LncRNA-CR11538 interacts with Dif/Dorsal. (A) U6 and GAPDH are marker genes used to confirm partitioning between nucleus and cytoplasm. (B) LncRNA-CR11538 expression in nucleus and cytoplasm detected by RT-qPCR. Predicted scores for interaction potential of lncRNA-CR11538 with Dif or Dorsal via IncPro (C) and RPISeq (D) databases. LncRNA-CR11538 fold enrichment measured by RIP-qPCR using anti-V5 antibody to immunoprecipitate overexpressed Dorsal-V5 (E) and Dif-V5 (F) in S2 cells. For all tests, p value < 0.05 was considered as statistically significant. *** p < 0.001 vs. the control groups.

Figure 5

LncRNA-CR11538 prevents Dif/Dorsal from binding to AMP promoters and inhibits their transcriptions. ChIP-qPCR was performed on lncRNA-CR11538 overexpressing S2 cells with Dif-V5 (A) and Dorsal-V5 (C) overexpression normalized to control expression levels. The dual luciferase reporter assay detected transcriptional activity of Dif (B) and Dorsal (D) with or without lncRNA-CR11538 overexpressing on Drs and Mtk promoters. For all tests, p value < 0.05 was considered as statistically significant. * p < 0.05; ** p < 0.01 and *** p < 0.001 vs. the control groups.

Figure 6

LncRNA-CR11538 facilitates immune homeostasis recovery.
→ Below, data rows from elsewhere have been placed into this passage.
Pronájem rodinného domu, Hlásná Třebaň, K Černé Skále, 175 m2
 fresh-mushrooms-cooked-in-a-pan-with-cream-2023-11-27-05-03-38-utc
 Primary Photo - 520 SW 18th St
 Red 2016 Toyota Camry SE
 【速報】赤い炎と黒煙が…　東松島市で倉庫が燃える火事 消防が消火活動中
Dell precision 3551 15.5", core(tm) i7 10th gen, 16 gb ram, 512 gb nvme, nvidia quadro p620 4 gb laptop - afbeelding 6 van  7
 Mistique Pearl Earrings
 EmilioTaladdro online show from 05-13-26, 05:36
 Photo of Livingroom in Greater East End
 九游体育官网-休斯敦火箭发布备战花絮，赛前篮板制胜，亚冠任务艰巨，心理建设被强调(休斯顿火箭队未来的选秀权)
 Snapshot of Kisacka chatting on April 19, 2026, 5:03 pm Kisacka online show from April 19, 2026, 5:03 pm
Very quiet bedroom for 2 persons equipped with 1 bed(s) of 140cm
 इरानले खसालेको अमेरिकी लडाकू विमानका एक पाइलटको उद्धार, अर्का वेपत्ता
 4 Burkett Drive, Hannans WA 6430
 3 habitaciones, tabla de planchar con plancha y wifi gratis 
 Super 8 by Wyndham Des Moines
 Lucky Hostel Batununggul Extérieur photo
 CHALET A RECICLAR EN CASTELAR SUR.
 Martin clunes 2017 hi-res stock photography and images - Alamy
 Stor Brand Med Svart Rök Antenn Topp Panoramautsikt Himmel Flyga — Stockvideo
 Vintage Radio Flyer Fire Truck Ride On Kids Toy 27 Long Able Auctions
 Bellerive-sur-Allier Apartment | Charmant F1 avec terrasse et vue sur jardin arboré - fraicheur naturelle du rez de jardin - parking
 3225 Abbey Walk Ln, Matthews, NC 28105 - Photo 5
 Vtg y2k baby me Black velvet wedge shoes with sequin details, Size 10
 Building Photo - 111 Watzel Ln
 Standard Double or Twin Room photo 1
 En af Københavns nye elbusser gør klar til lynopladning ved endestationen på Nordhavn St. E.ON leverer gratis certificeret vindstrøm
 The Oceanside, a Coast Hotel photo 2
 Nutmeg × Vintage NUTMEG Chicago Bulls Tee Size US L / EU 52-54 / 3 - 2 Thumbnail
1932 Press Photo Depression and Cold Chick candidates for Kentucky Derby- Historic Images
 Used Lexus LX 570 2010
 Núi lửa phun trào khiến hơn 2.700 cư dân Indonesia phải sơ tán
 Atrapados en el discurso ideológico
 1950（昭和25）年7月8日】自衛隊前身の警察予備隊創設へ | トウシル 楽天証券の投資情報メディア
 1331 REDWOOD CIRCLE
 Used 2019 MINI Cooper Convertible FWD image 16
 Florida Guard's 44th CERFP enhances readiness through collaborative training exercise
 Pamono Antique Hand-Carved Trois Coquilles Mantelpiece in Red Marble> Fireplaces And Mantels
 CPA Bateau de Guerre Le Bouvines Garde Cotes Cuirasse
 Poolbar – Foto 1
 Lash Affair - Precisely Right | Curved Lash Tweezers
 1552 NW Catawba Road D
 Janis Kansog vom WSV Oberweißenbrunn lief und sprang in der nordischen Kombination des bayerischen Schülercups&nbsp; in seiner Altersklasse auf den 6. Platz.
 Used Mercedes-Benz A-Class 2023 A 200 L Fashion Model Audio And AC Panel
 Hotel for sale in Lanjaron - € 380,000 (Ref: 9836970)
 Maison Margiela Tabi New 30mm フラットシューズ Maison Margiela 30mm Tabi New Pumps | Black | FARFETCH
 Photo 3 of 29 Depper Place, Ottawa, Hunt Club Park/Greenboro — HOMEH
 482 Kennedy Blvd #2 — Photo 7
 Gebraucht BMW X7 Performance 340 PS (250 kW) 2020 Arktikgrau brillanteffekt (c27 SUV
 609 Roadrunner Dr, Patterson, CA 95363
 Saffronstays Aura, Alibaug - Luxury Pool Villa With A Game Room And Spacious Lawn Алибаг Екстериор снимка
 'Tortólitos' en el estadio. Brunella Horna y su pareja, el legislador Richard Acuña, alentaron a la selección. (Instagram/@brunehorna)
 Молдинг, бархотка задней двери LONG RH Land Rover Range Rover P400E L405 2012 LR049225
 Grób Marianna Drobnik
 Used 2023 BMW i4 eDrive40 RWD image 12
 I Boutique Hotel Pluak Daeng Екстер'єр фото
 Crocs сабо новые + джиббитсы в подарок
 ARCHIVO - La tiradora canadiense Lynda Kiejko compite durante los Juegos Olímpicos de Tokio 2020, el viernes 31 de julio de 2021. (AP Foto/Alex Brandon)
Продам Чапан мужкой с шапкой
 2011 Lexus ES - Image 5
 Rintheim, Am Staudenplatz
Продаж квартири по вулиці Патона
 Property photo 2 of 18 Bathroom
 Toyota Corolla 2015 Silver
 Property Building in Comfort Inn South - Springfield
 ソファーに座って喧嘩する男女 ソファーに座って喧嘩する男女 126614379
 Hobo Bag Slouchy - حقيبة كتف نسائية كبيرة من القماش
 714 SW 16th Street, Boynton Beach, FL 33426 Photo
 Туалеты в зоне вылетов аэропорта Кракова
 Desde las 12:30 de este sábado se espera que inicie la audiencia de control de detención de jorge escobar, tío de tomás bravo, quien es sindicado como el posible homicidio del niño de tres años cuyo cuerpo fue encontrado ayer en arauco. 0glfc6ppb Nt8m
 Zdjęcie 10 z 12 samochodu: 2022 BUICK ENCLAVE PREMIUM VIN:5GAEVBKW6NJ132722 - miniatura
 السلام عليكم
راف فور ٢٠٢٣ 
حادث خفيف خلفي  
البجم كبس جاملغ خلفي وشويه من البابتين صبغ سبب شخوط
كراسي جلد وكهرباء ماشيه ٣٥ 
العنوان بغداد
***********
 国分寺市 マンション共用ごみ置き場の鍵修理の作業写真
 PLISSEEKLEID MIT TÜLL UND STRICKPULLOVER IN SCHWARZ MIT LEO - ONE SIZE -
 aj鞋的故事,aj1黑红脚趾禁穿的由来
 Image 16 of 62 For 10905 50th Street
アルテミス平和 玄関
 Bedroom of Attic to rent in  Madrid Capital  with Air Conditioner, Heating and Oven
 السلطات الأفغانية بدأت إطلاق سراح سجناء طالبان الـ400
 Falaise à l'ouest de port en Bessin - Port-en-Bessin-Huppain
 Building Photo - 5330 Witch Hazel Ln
The dynamic expression levels of Drs (A), Dif (B), Dorsal (C), lncRNA-CR11538 (D) in the wild-type Drosophila infected with M. luteus were detected by qRT-PCR at 0 h, 3 h, 6 h, 12 h, 24 h and 48 h after stimulation. For all tests, p value < 0.05 was considered as statistically significant. * p < 0.05; ** p < 0.01 and *** p < 0.001 vs. the control groups.

Figure 7

Schematic illustration of the mechanism by which lncRNA-CR11538 facilitates immune homeostasis recovery. Left diagram: In the early stage of immune response, Gram-positive bacteria activate Toll signaling pathway and promote Dif/Dorsal entering the nucleus to enhance AMP transcriptions, thereby eliminating pathogens. Right diagram: In the late stage of immune response, redundant AMPs increase the expression of lncRNA-CR11538, which acts as a Dif/Dorsal decoy to sequester them away from AMP promoters and inhibits the transcriptions of AMPs to restore immune homeostasis.